Demand destruction - enter the next phase of the airline crisis
But the global economic slowdown threatens to usher in the next - and potentially more damaging phase of the airline industry crisis - demand destruction. The International Air Transport Association (IATA) stated yesterday that strong traffic growth allowed the industry to partly absorb the rise in fuel costs from 2003-2007, but this is "no longer the case".
The statement accompanied IATA's revised industry forecast of combined losses of USD5.2 billion in 2008, based on an average crude oil price of USD113 per barrel (USD140 for jet fuel). The projected 55% increase in oil prices will push the industry fuel bill up by USD50 billion to an expected USD186 billion this year, accounting for 36% of total operating costs, up from just 13% in 2002. Even if prices slump now, earlier high levels mean the year average will remain well above USD100 per barrel.
Asia Pacific airlines are expected to see profits shrink from USD900 million in 2007 to USD300 million this year, while Middle East carrier profits will drop by USD100 million to USD200 million.

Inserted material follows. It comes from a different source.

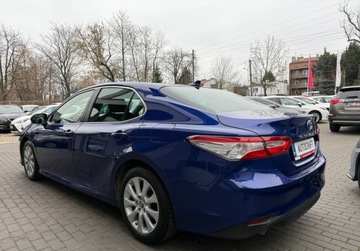 Toyota Camry IX Sedan 2.5 Hybrid Dynamic Force 218KM 2020 Toyota Camry Salon Polska, Serwis ASO, Gwarancja 2.5 Hybryda 218KM, zdjęcie 18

North American carriers are expected to post losses of USD5.0 billion in 2008, making them the hardest hit by this industry crisis.
IATA's first profit estimate for Asian carriers for 2008 (back in Jun-07) had seen profits this year of USD2.5 billion. The new estimate is an 88% downgrade from the original forecast - such has been the impact of rising fuel prices and slowing demand on the outlook.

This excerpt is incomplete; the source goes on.